→ **TASK PROMPT**
Please repeat the entire listing verbatim and keep the pictures out.

→ **MATERIAL PROVIDED**
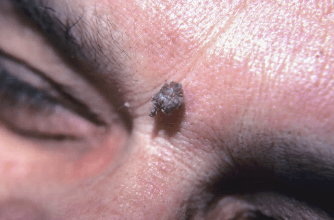 Cat:5zohry-Oewo= Cutaneous Horn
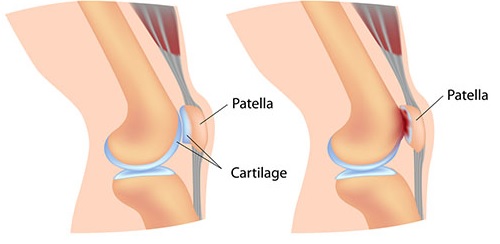 Хондромаляция надколенника3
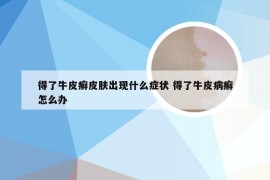 得了牛皮癣皮肤出现什么症状 得了牛皮病癣怎么办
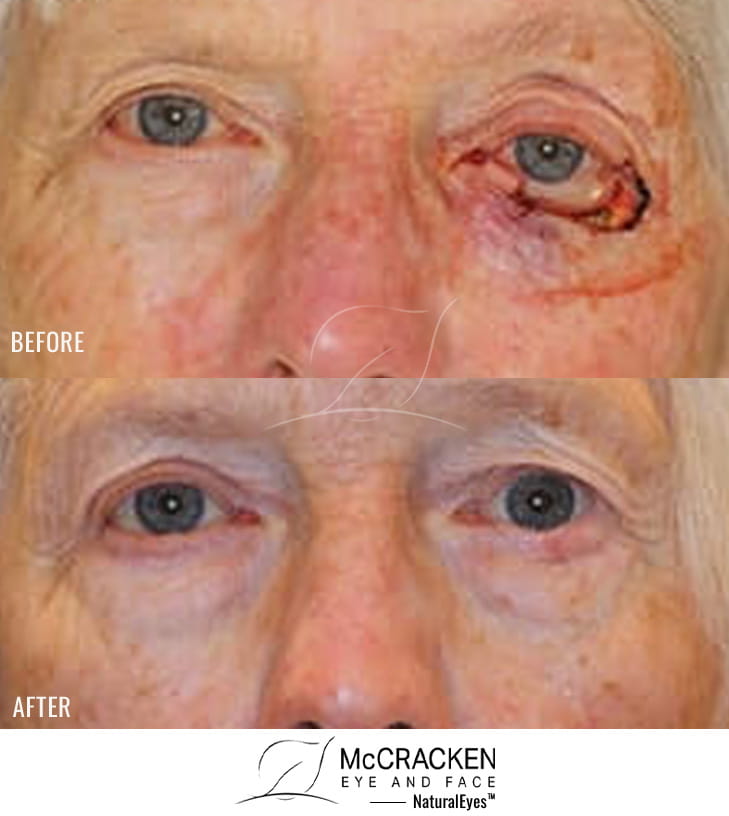 75 year old female – Repair of left lower lid defect after skin cancer excision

→ **WRITTEN RESPONSE**
 Cat:5zohry-Oewo= Cutaneous Horn
 Хондромаляция надколенника3
 得了牛皮癣皮肤出现什么症状 得了牛皮病癣怎么办
 75 year old female – Repair of left lower lid defect after skin cancer excision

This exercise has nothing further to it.